And Mary (Jesus’ mother) said,
“My soul magnifies the Lord, and my spirit rejoices in God my Savior, for he has looked with favor on the lowliness of his servant. Surely, from now on all generations will call me blessed; for the Mighty One has done great things for me, and holy is his name.
His mercy is for those who fear him from generation to generation. He has shown strength with his arm; he has scattered the proud in the thoughts of their hearts. He has brought down the powerful from their thrones, and lifted up the lowly; he has filled the hungry with good things, and sent the rich away empty. He has helped his servant Israel, in remembrance of his mercy, according to the promise he made to our ancestors, to Abraham and to his descendants forever.” Luke 1:46-55 (NRSV)

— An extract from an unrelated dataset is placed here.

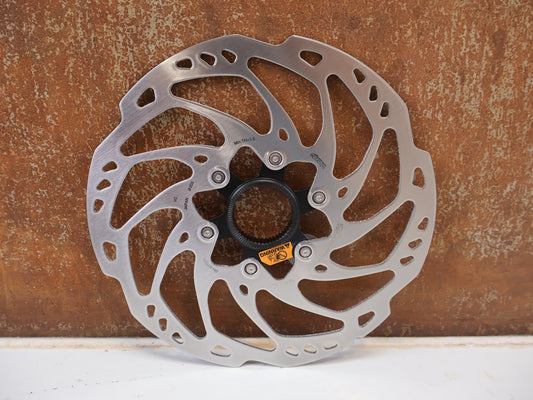 Bremsscheibe von Shimano, SHIMANO SLX SM-RT70 BREMSSCHEIBE 203MM / CENTERLOCK ICE-TECH MTB vor USEDBIKES-OB.DE Hintergrund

Those of us who know the story of Jesus’ conception aren’t terribly surprised by Mary’s song of praise and thanks for the impending birth of Jesus that we know as the Magnificat. She was blessed like no other woman has been blessed- she was chosen to be the earthly mother of God-in-the-flesh. None of us can claim that our own children are the very Son of God. Any of us would be deeply awed and humbled by such an honor- or would we? In the real world, Mary’s situation was not an easy one.
Mary faced some very real possible consequences connected to her unwed pregnancy. She could very well have been stoned to death had she been accused of adultery. (Leviticus 20:10) Had it not been for an angel of God coming to Joseph to tell him that Mary’s child was of God and not from a forbidden liaison, (Matthew 1:1-18) he would have quietly ended their betrothal. A woman so shamed did not have good opportunities for marriage, and in that day, a woman’s survival depended on being able to marry well. Yet God made a way, so Mary would not have to go through this experience alone. Even so, Mary, and especially Joseph, would have to have endured snickers and aspersions among friends and family, and no doubt there were “mathematicians” in the community who would be very aware that the timing of Jesus’ birth wasn’t quite consistent with the timing of his parents’ wedding.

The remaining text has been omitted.